* _BRIEF_: The records below must be repeated exactly, but without their pictures.

====================

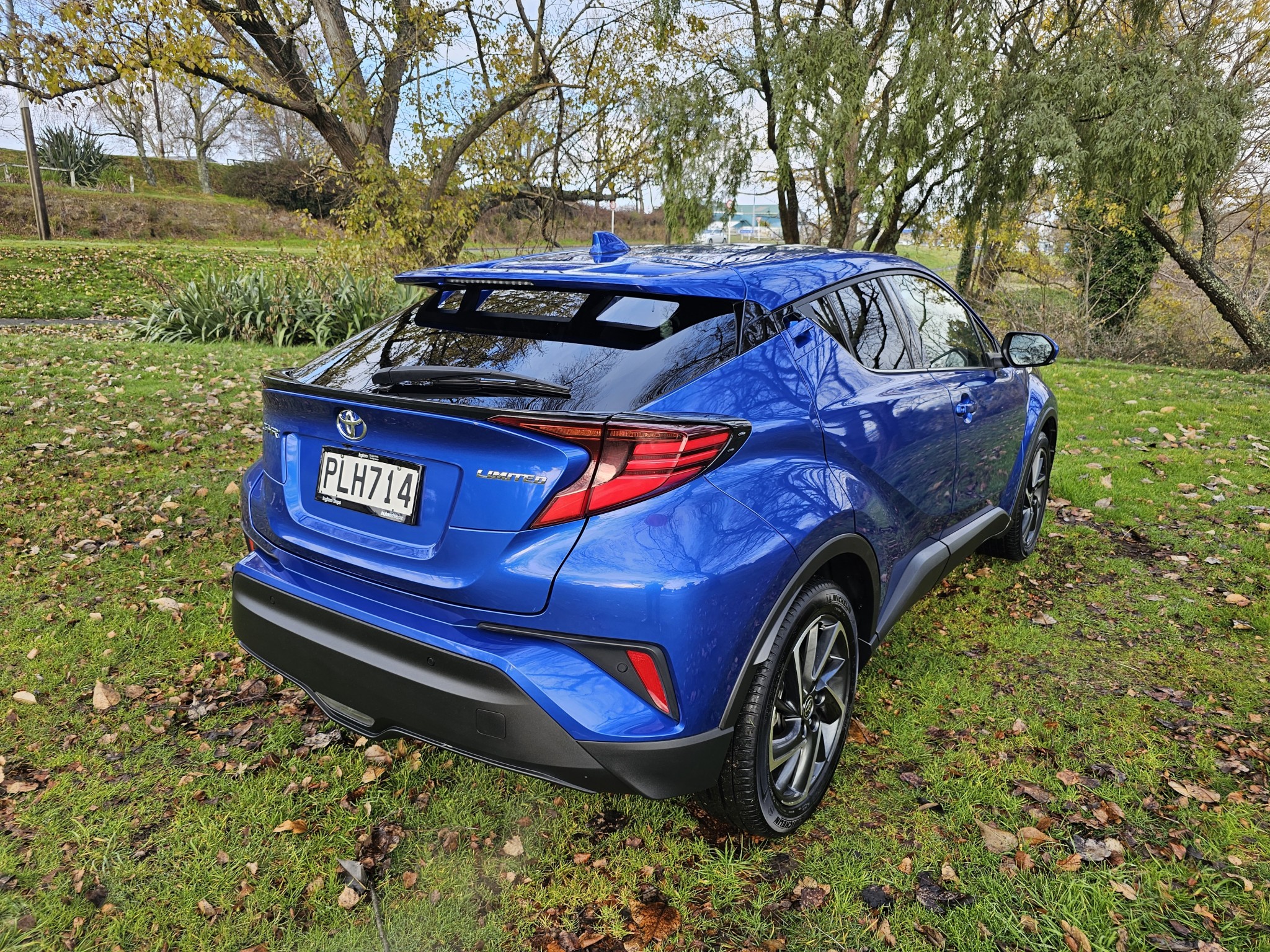 2022 Toyota C-HR | LIMITED 1.2PT | 24127 | 3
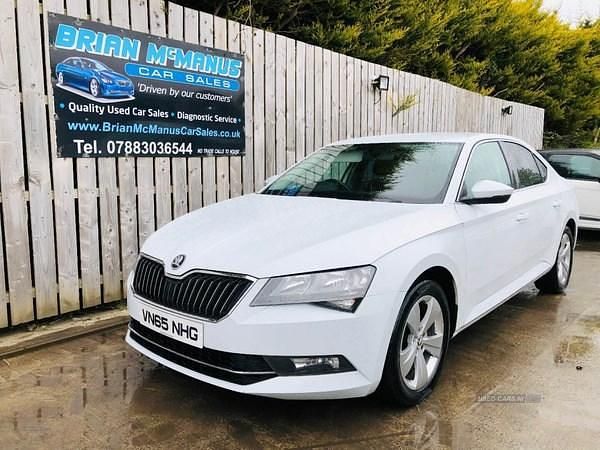 Used Skoda Superb SE 2015 White Hatchback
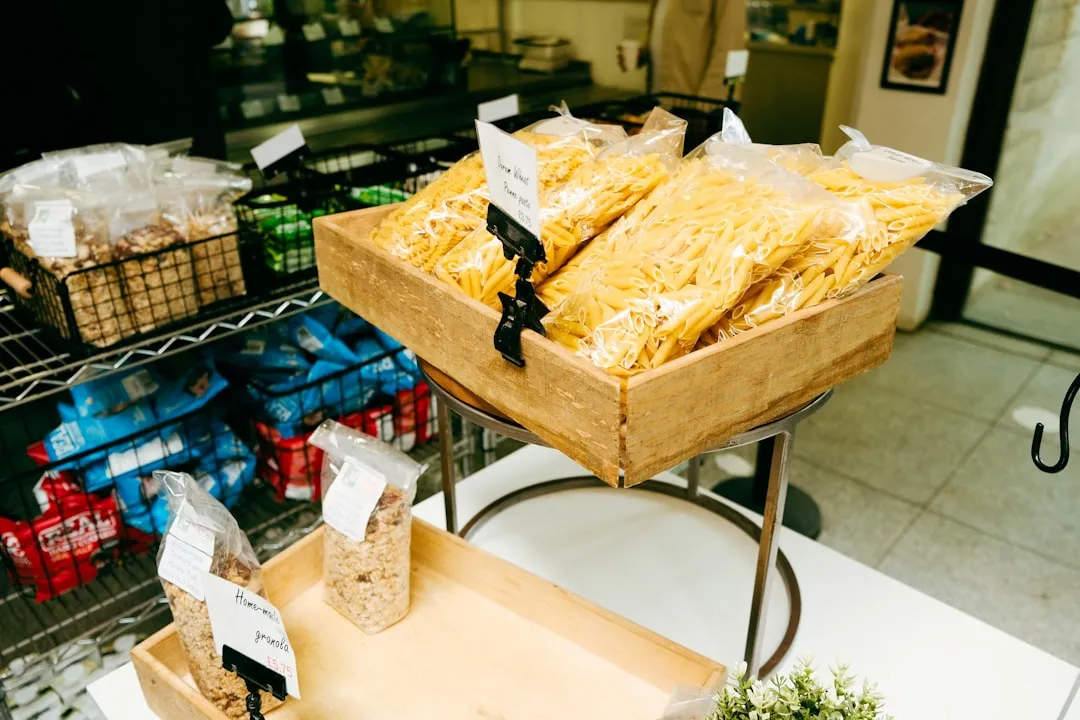 PLC控制柜在工业自动化中的角色：从逻辑控制到数据采集的集成应用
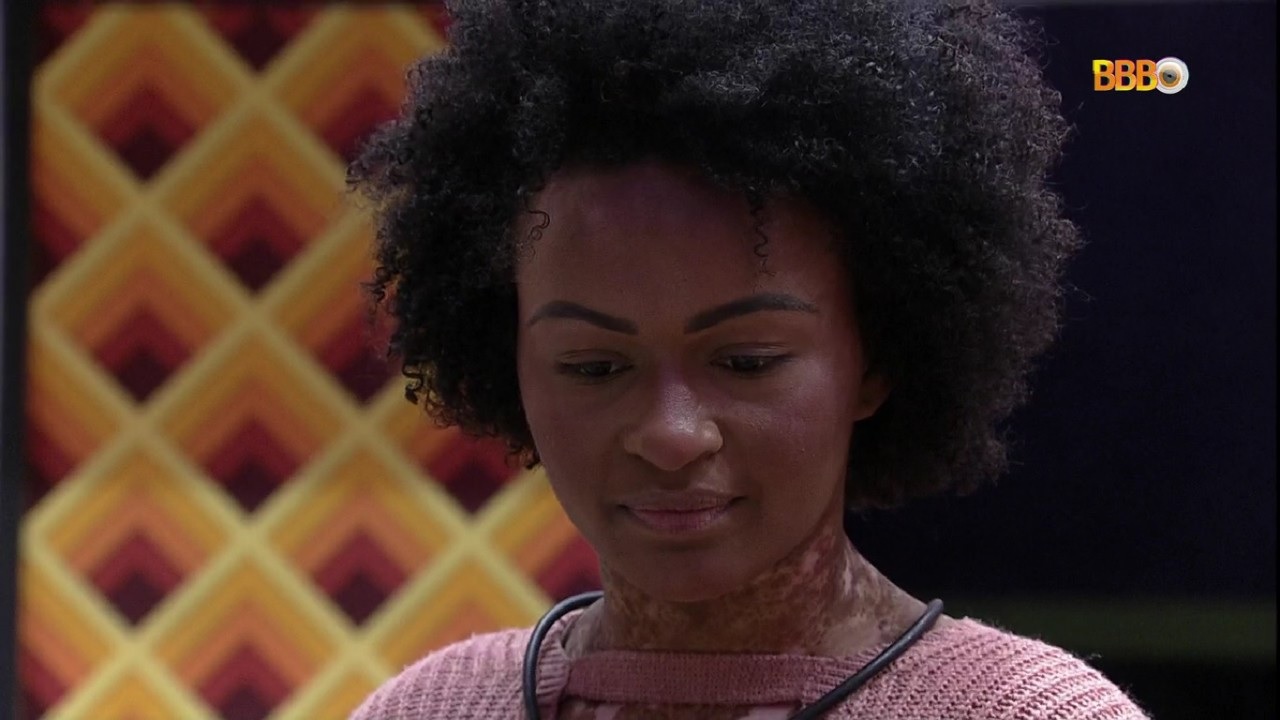 Sem saber do acidente, Natália desabafa sobre saudades de Rodrigo e cita Deus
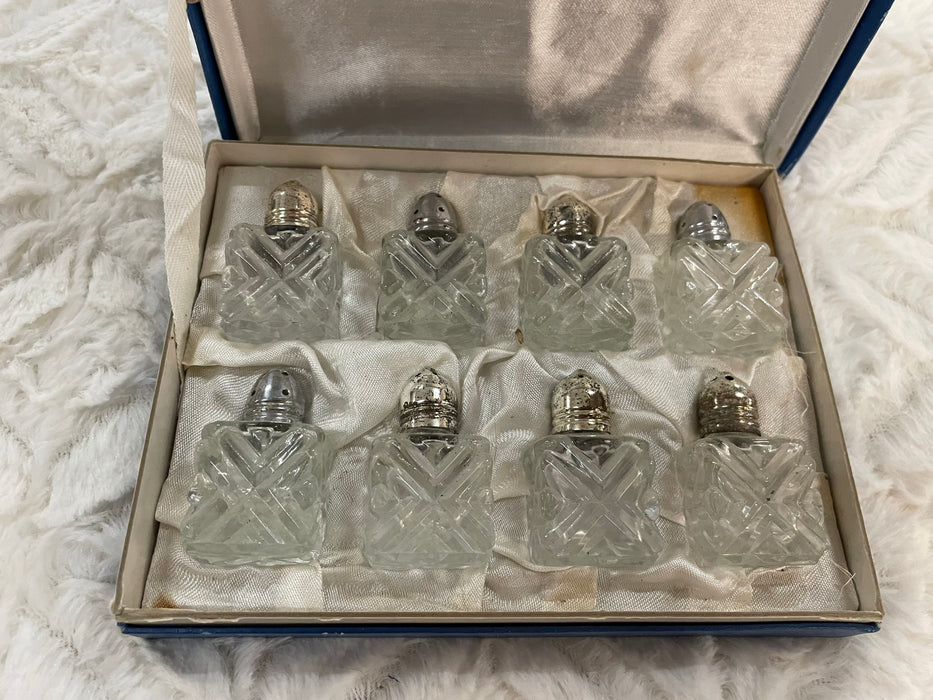 Eales 1779 crystal set of salt & pepper shakers 30376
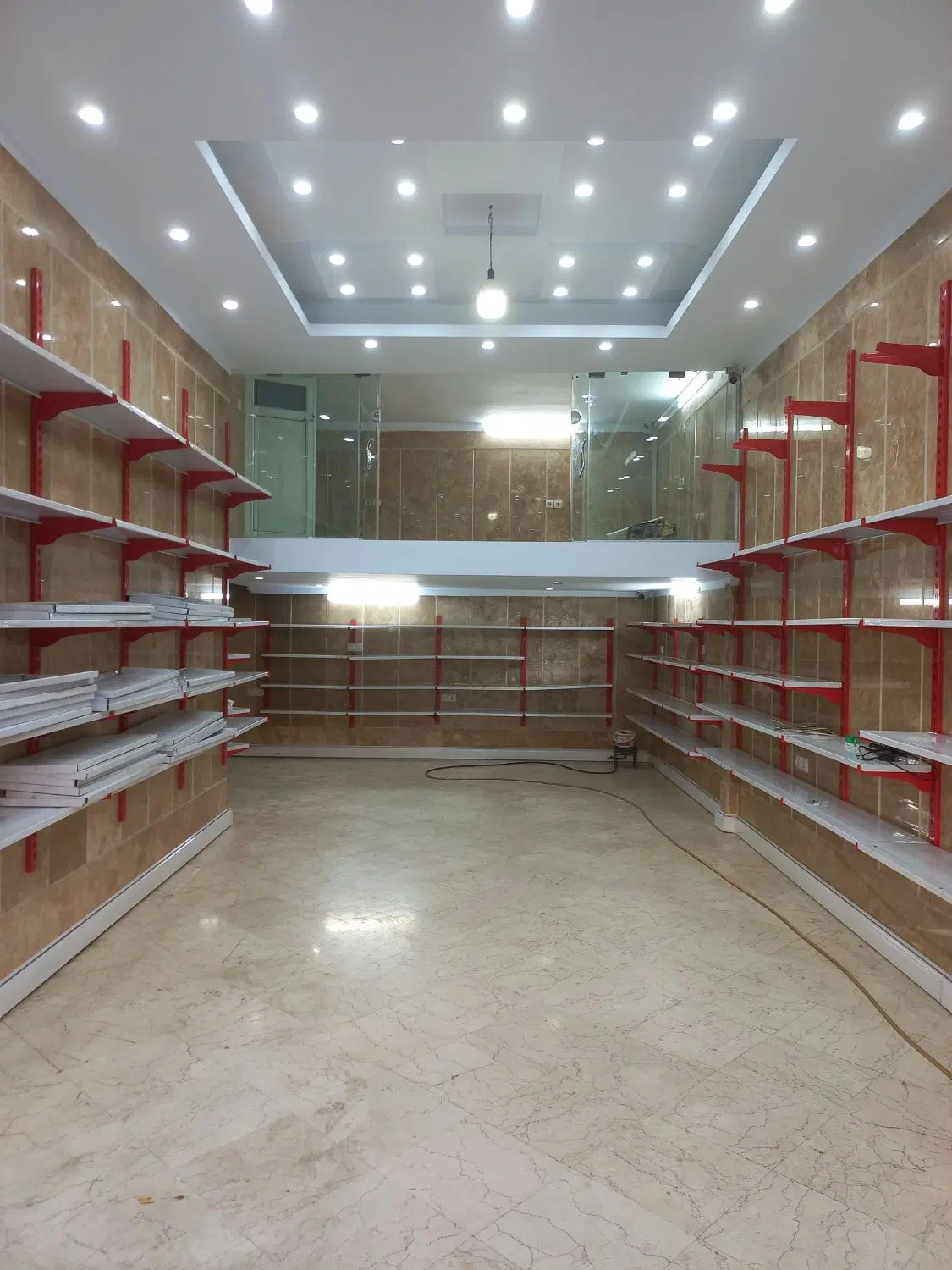 اجاره مغازه ۵۲ متری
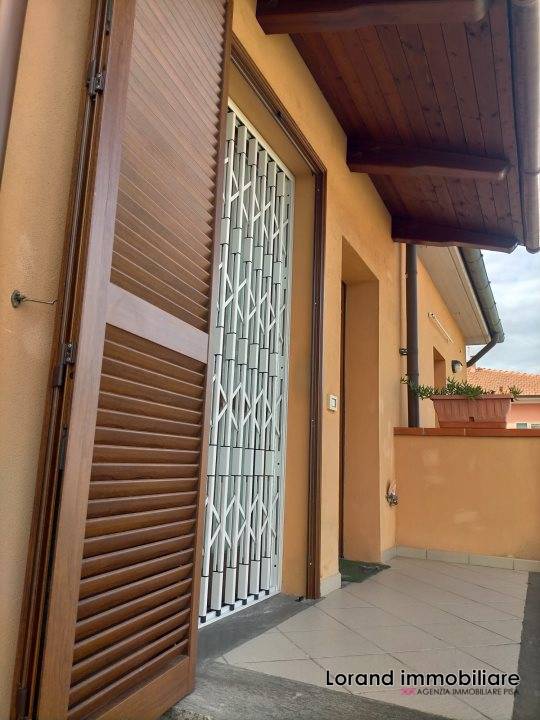 appartamento in vendita a Calcinaia in zona Fornacette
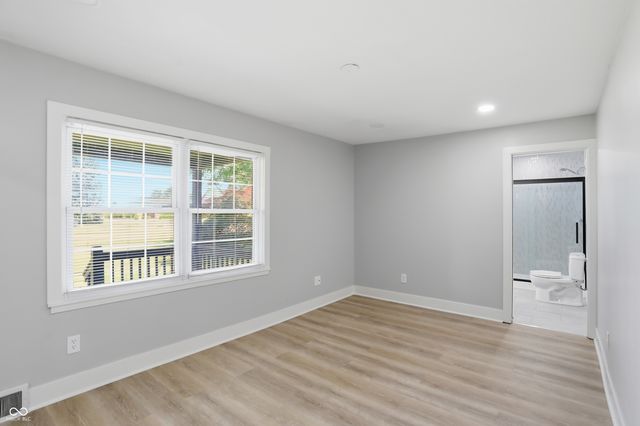 211 W McKenzie Road, Greenfield, IN 46140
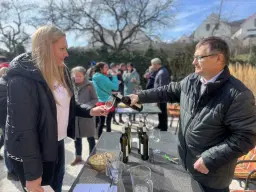 Jarní vinařská stezka 2026 - ochutnávky, sklepy a večer s kapelou i rautem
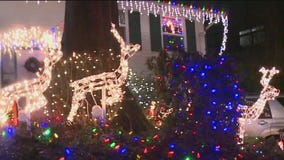 How to dispose of broken Christmas lights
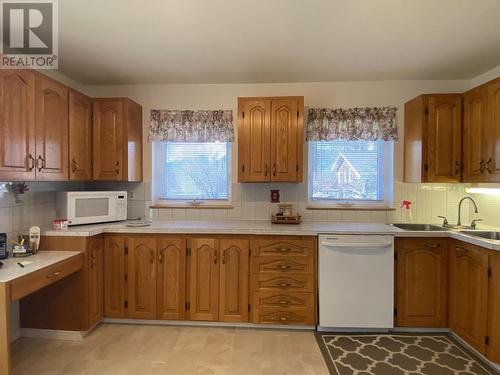 5433 Heppel Avenue, Terrace, BC - Indoor Photo Showing Kitchen With Double Sink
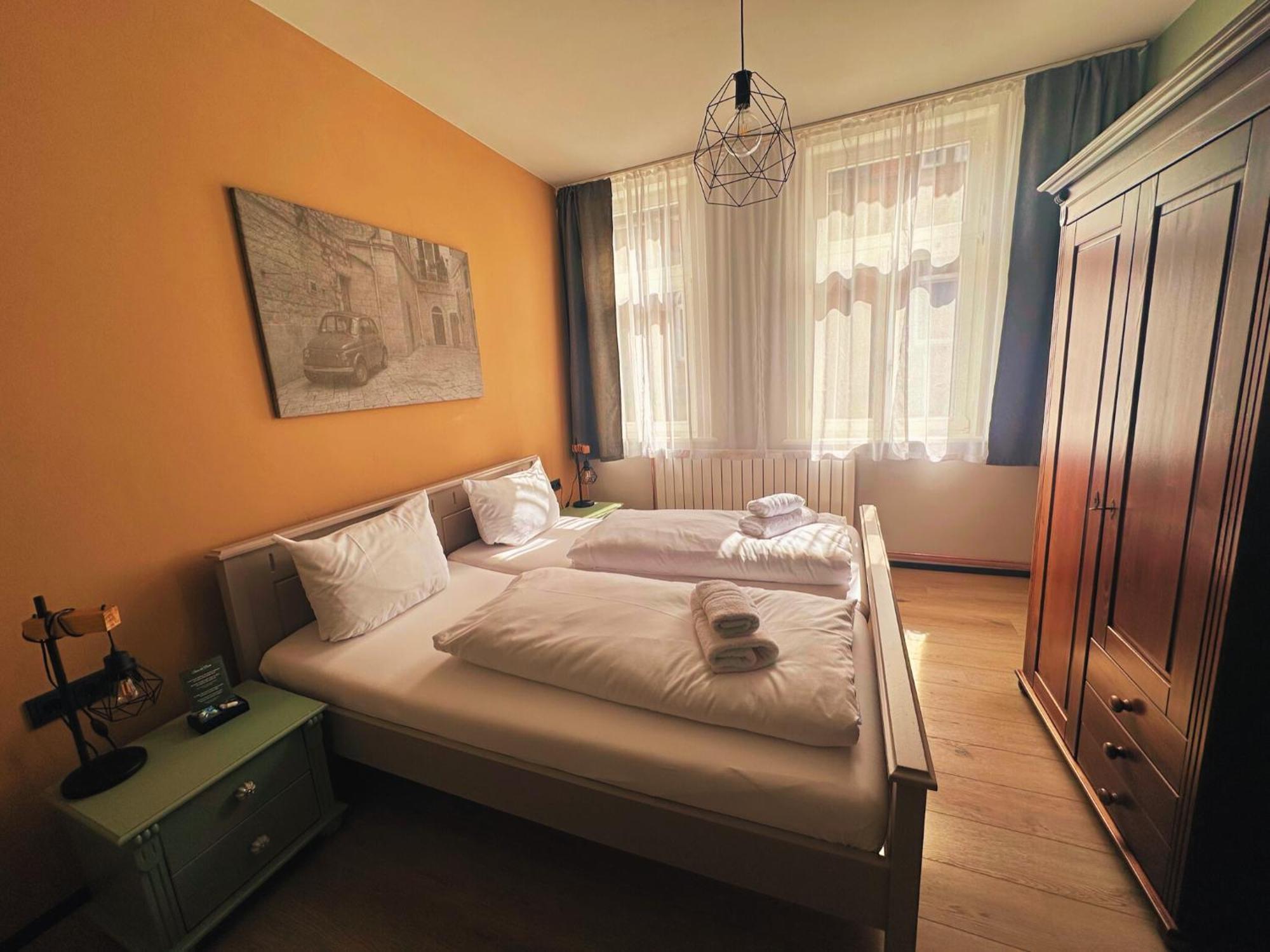 Trattoria&Apartments - Casa da Enzo Goslar Esterno foto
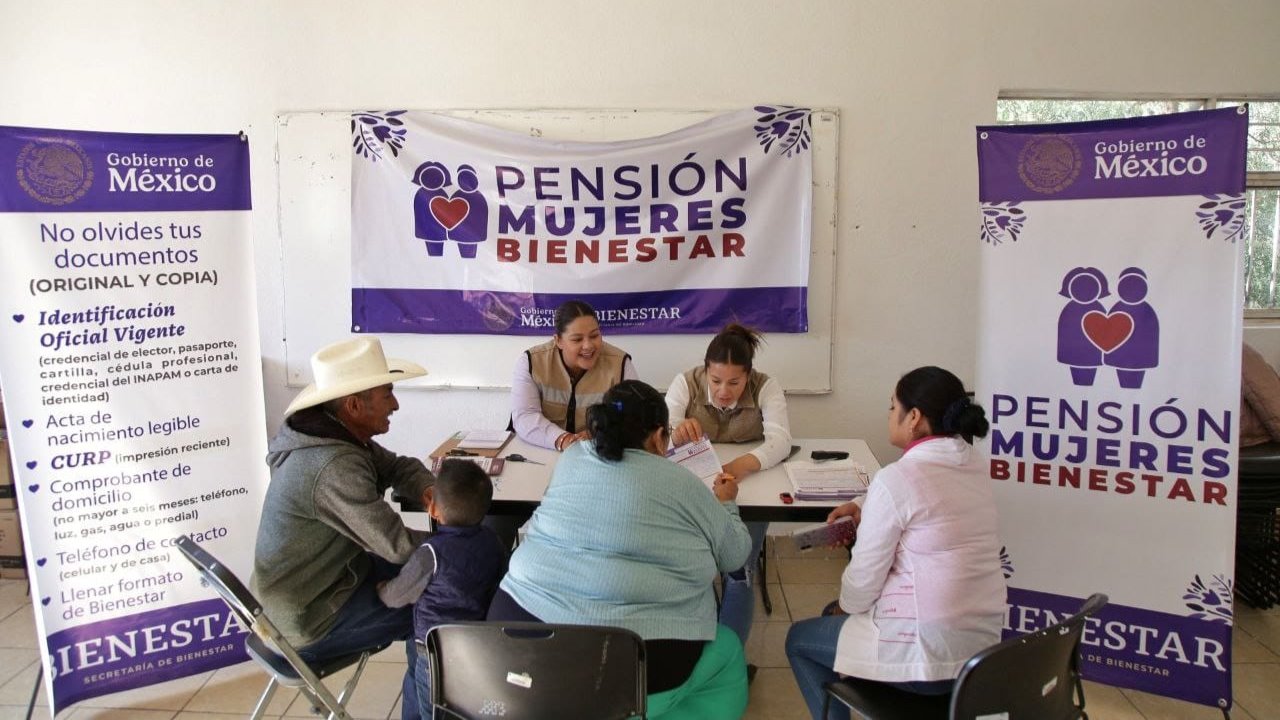 Llaman a adultas mayores a registrarse para Pensión Mujeres Bienestar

====================

* _OUTPUT OF THE EXERCISE_:
 2022 Toyota C-HR | LIMITED 1.2PT | 24127 | 3
 Used Skoda Superb SE 2015 White Hatchback
 PLC控制柜在工业自动化中的角色：从逻辑控制到数据采集的集成应用
 Sem saber do acidente, Natália desabafa sobre saudades de Rodrigo e cita Deus
 Eales 1779 crystal set of salt & pepper shakers 30376
 اجاره مغازه ۵۲ متری
 appartamento in vendita a Calcinaia in zona Fornacette
 211 W McKenzie Road, Greenfield, IN 46140
 Jarní vinařská stezka 2026 - ochutnávky, sklepy a večer s kapelou i rautem
 How to dispose of broken Christmas lights
 5433 Heppel Avenue, Terrace, BC - Indoor Photo Showing Kitchen With Double Sink
 Trattoria&Apartments - Casa da Enzo Goslar Esterno foto
 Llaman a adultas mayores a registrarse para Pensión Mujeres Bienestar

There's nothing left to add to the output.